Thursday, January 7, 2010

D0-or-Die - Rendezvous with History- The Final Obamacare Sprint

January 7, Thursday,2010 - Today begins the final sprint for Obamacare. House and Senate leaders will meet with the President , Chief of Staff Rahm Emanuel and Office of Health Reform Director, Nancy-Ann DeParle, to negotiate a bill behind closed White House doors.

President Obama says the bill will be “historic. “ He claims it will rank right up there with the passage of Social Security in the 1930s and Medicare in the 1960s. It will be, in short, Obama's rendezvous with history. It may, also, if not passed in a timely way, a rendezvous with political defeat.

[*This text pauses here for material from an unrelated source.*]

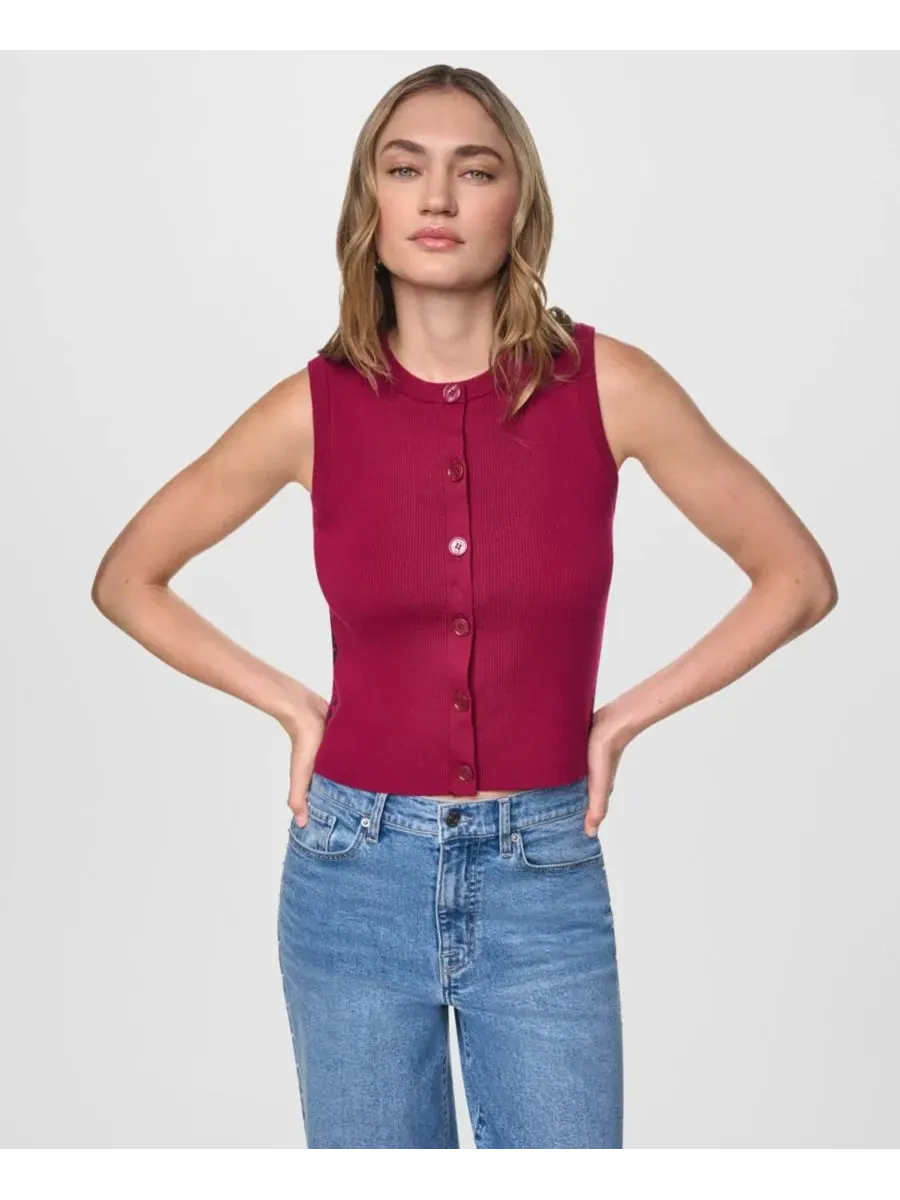 Свитер без рукавов с круглым вырезом, с логотипом DKNY Jeans — черный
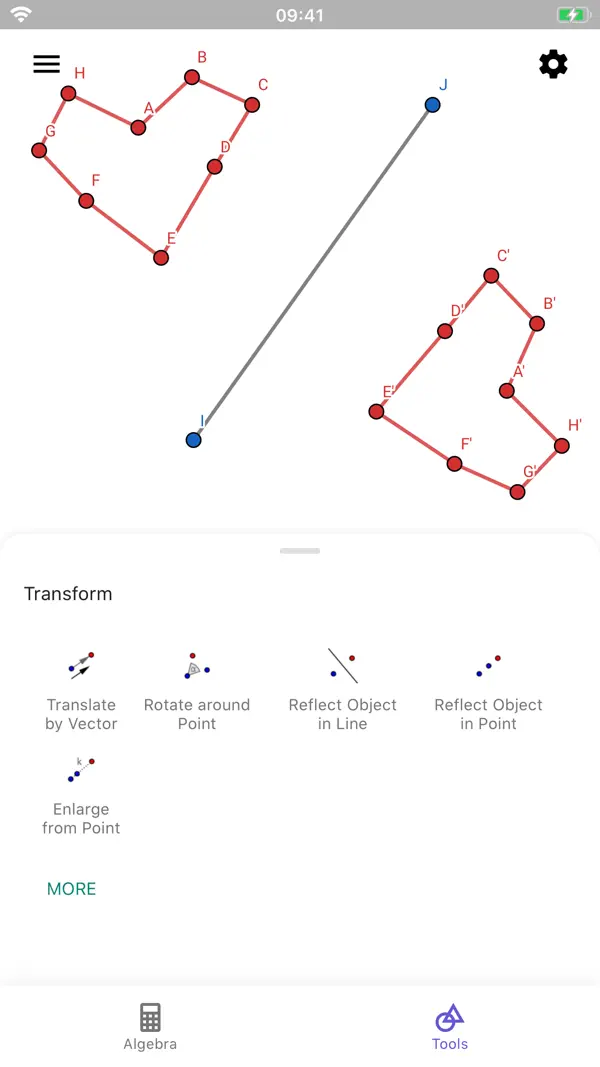 GeoGebra Geometrie iPhone App Screenshot 6 – Bildung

As Democrats begin their final sprint, we know,

• The legislative clock is ticking - fast. President Obama wants a bill passed before his State of the Union address in late January or early February. Because an open process, namely televising proceedings on C-Span would slow things up, negotiations for the final bill, will be conducted in secrecy.

• The Democrats’ political position is perilous. With the retirement of two Democrat Senators, Chris Dodd of Connecticut and Byron Dorgan of North Dakota, and the party switch of Parker Griffith of Alabama in the House, their 60 votes in the Senate and their majority in the House are imperiled and may evaporate come November. Thus, for Democrats, it is now or never.

• The main issues to be reconciled between the House and Senate are how to pay for the $ 1 trillion bill, who to tax and how much, the fate of the public option, federal coverage for abortion , and extent of subsidies to help lower earners buy health insurance. One concession by the Senate may be accepting the House proposal to repeal antitrust exemption of insurance companies, and the concession by the House may be dropping the public option.

Among Americans, a sluggish economy, rising deficits, persistent unemployment, and a sense the country is headed in the wrong direction are fueling anger, angst, hopelessness, skepticism , and populist movement to throw the incumbents out.

Some realists are asking, why overhaul the health care industry when it produced 381,000 new jobs in 2007, 372,000 jobs in 2008, and 600,000 in 2009? And why do it in secrecy behind closed doors when transparency was promised?

Meanwhile, The nation’s doctors, slated to deliver care to 30 million more newly insured promised by the bill, sit helplessly on the sidelines. There is not much in the final bill for them. Indeed, to assure the bill comes under budget, now and over the next 10 years, Congress will shave $500 million Medicare money, partly by reducing reimbursement for doctors and procedures they perform in hospitals, One glimmer of hope. The House bill contains $57 billion more for primary care doctors who will be needed to care for those in vastly expanded Medicaid programs.